Leaving the pictures aside, return the listing exactly as it appears.

>>>>

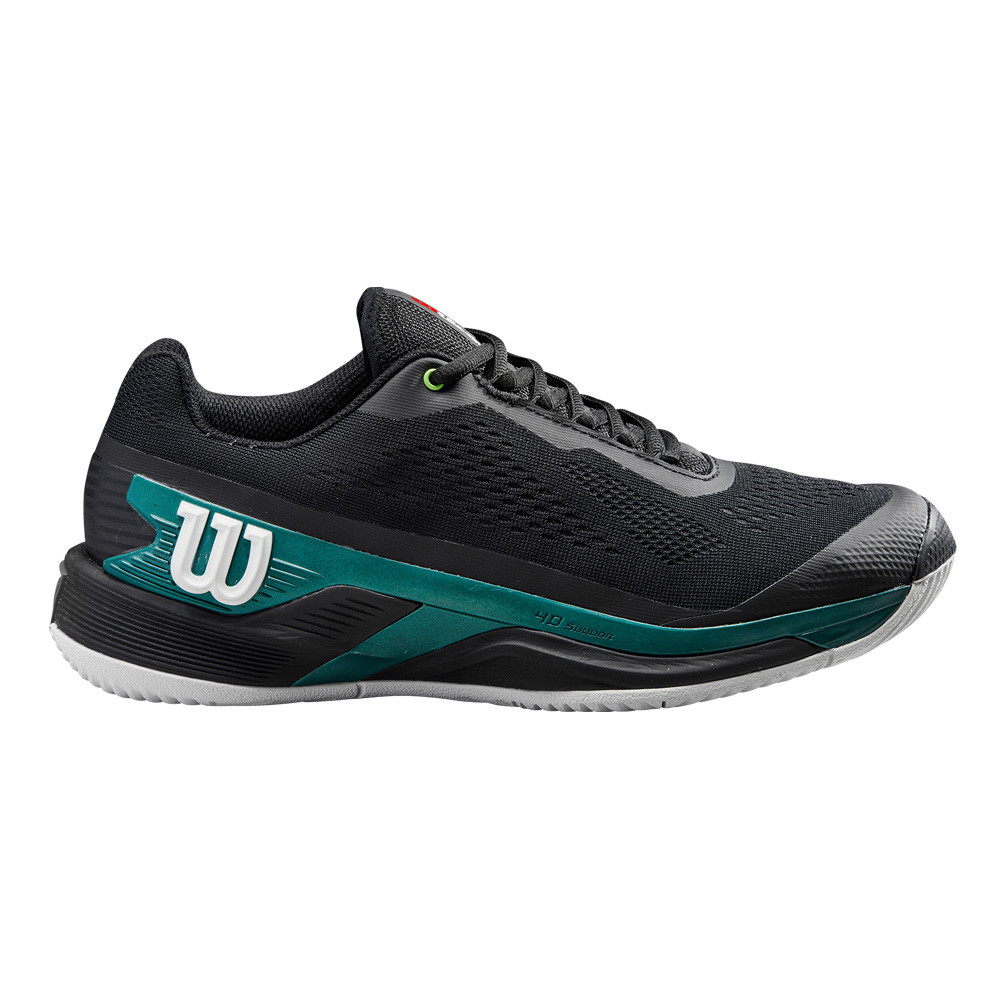 Wilson Rush Pro 4.0 Blade Men\'s Size 7.5 Tennis Shoes Black‎ Teal Sneakers NEW Wilson Rush Pro 4.0 Blade Black/Black/Teal Blue Men main image 3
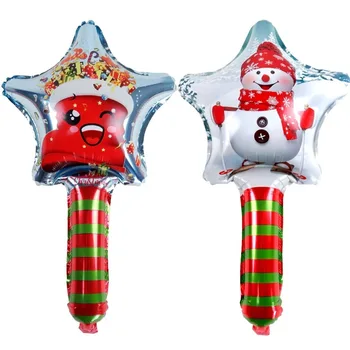 24 collu Ziemassvētku piepūšamās stick cukurniedru konfektes aļņa galvas piparkūkas cilvēks sniegavīrs dzimšanas dienas svinības, banketu piederumi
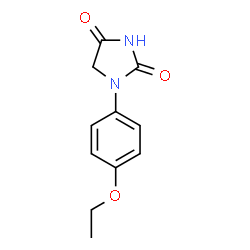 2,4-Imidazolidinedione,1-(4-ethoxyphenyl)-(9CI)结构式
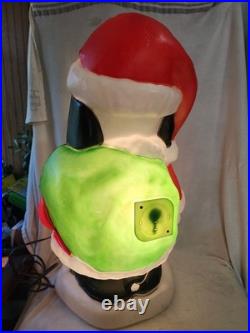 Vintage 1999 Christmas Blow Mold 32 Santa's Best Snoopy Peanuts Lighted RARE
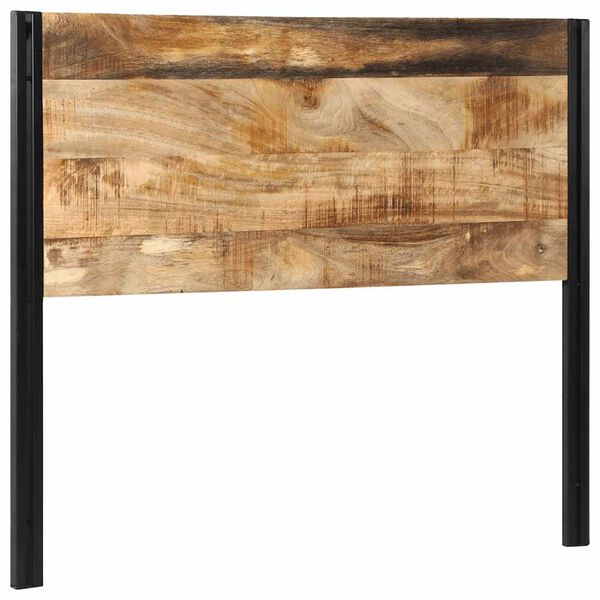 vidaXL Kopfteil 120 cm Massivholz Mango und Eisen
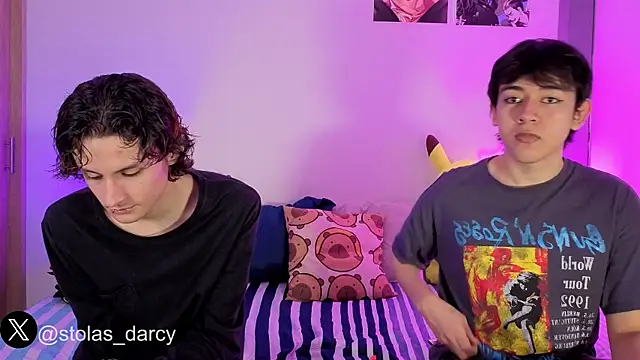 Darcy and Stolas online show from April 2026 09:16:02 PM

<<<<

- _Written answer_:
 Wilson Rush Pro 4.0 Blade Men\'s Size 7.5 Tennis Shoes Black‎ Teal Sneakers NEW Wilson Rush Pro 4.0 Blade Black/Black/Teal Blue Men main image 3
 24 collu Ziemassvētku piepūšamās stick cukurniedru konfektes aļņa galvas piparkūkas cilvēks sniegavīrs dzimšanas dienas svinības, banketu piederumi
 2,4-Imidazolidinedione,1-(4-ethoxyphenyl)-(9CI)结构式
 Vintage 1999 Christmas Blow Mold 32 Santa's Best Snoopy Peanuts Lighted RARE
 vidaXL Kopfteil 120 cm Massivholz Mango und Eisen
 Darcy and Stolas online show from April 2026 09:16:02 PM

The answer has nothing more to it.